Shaun Samson’s masculine urban aesthetic was juxtaposed by the use of fine, sheer materials in tops and jackets, whilst Richard Nicoll’s and Joseph Turvey’s collections also sported an array of perforated materials and inserts, reinforcing the trend for SS14:

10. Cowboys Without Indians

Hentsch Man’s novel presentation in Covent Garden’s dishevelled-cool Langley Street garage exhibited a playfully masculine array of western-check shirting and plaid trousers, topped with statement-making Stetson hats. The collection was presented on a platform adorned with a graffiti wall, bull skulls and cacti that looked as though they had just been plucked from the Nevada desert.

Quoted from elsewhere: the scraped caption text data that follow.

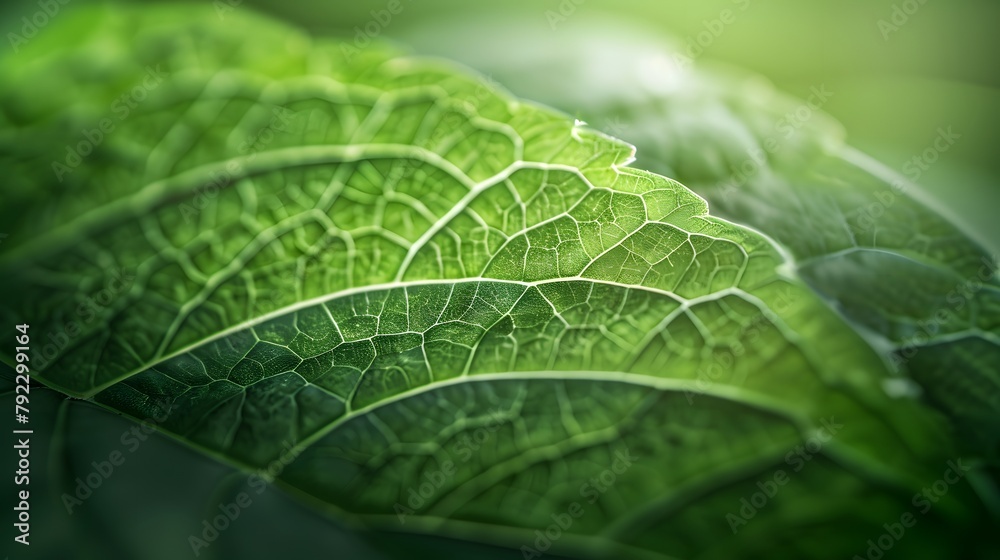 A soft focus on the exuberant texture of a leaf, in a green abstract background, offers a close-up nature image. A soft focus on the exuberant texture of a leaf, in a green abstract background, offers a close-up nature image.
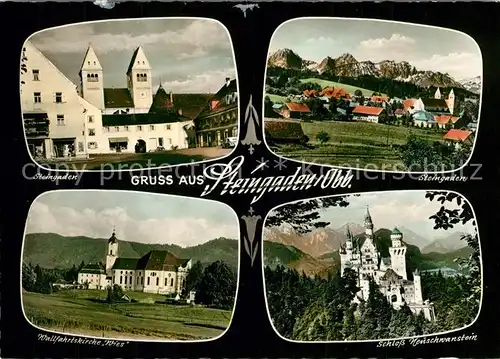 AK / Ansichtskarte Steingaden_Oberbayern Kirche Wallfahrtskirche Wies Alpenpanorama Schloss Neuschwanstein Steingaden Oberbayern
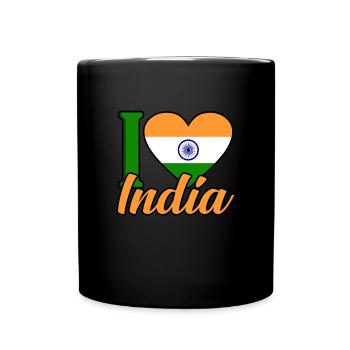 Indien - Tasse einfarbig - Schwarz - Vorne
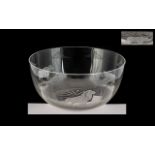 Roland Ward Niarobi Engraved Glass Bowl, Depicting Lions, Buffalo and Rhinos In Landscape. Unsigned.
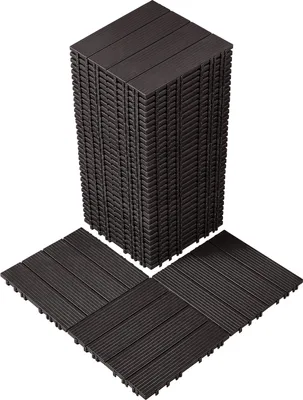 Zdjęcie produktu dla Płytki tarasowe VEVOR, zestaw 36 sztuk, płytki balkonowe 30x30cm, płytki zatrzaskowe, wodoodporna wykładzina podłogowa z tworzywa sztucznego do użytku na zewnątrz, wykładzina podłogowa na patio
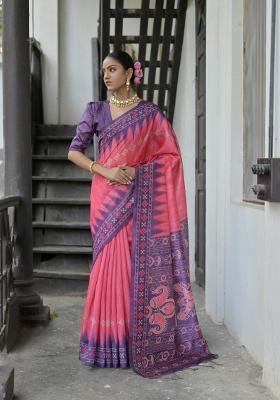 Rani Pink Handloom Silk Saree Set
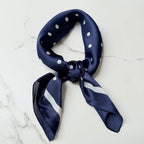 Satin Square Vilja Scarf - Navy Dots - Simply Rye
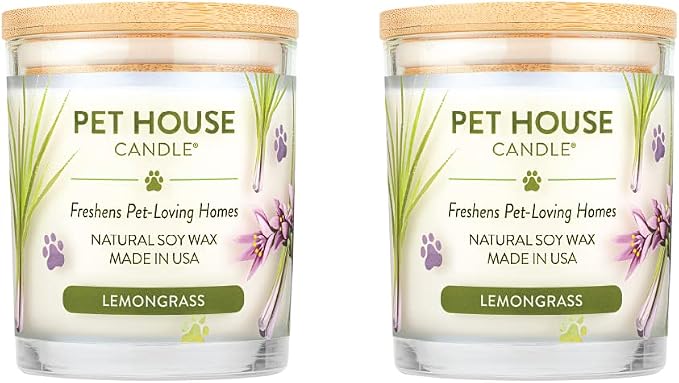 Pet House Candles, Long Burning Scented Candles for Pet Odors, Plant-Based, 60 Hour Burn Time - Lemongrass, 9 oz, 2 Pack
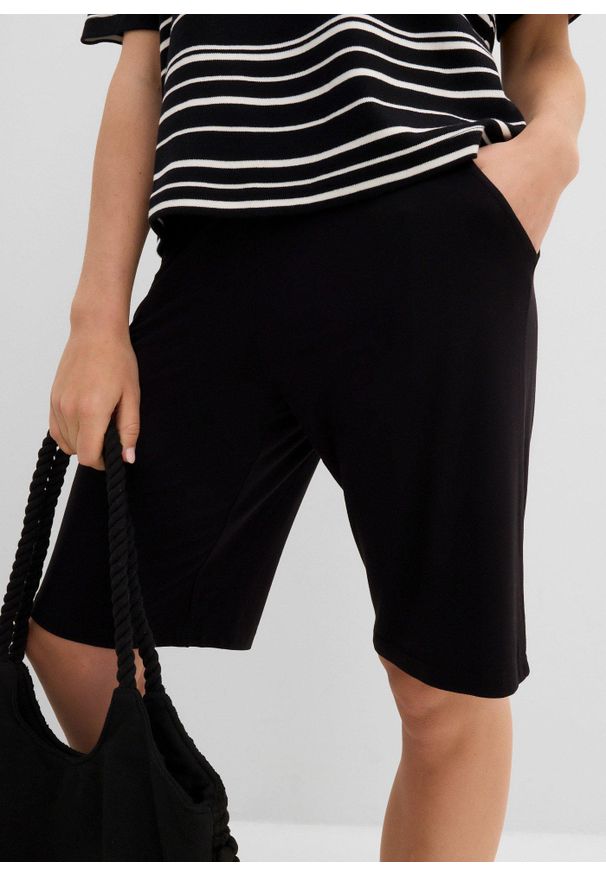 bonprix - Bermudy z dżerseju. Okazja: na co dzień. Kolor: czarny. Materiał: jersey. Styl: casual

Topman Design’s collection, entitled ‘Techno Cowboy’, gave the traditional herdsman uniform a luxe edge by sending their models down the catwalk in a sequence of embroidered and embellished silk western shirts, lending an über-masculine style a softer edge:

Final Word

Filled with all the drama and ingenious creativity we anticipate from the British capital, this season’s London Collections: MEN was a continual sequence of sartorial excellence. There was a certain unity across many of the collections that brought a feeling of cohesiveness to the shows, which is a signature feature of London’s creative energy; it is this that defines the city’s unique position as a world centre of design prowess.

Whilst many of the looks outlined above may be a little too outlandish for the everyday male, we can no doubt expect the themes exhibited to translate into more commercial forms over the next twelve months. But where would we be without such dynamic events to showcase the very avant-garde expressionism that fuels the industry? After all, fashion is meant to inspire, is it not?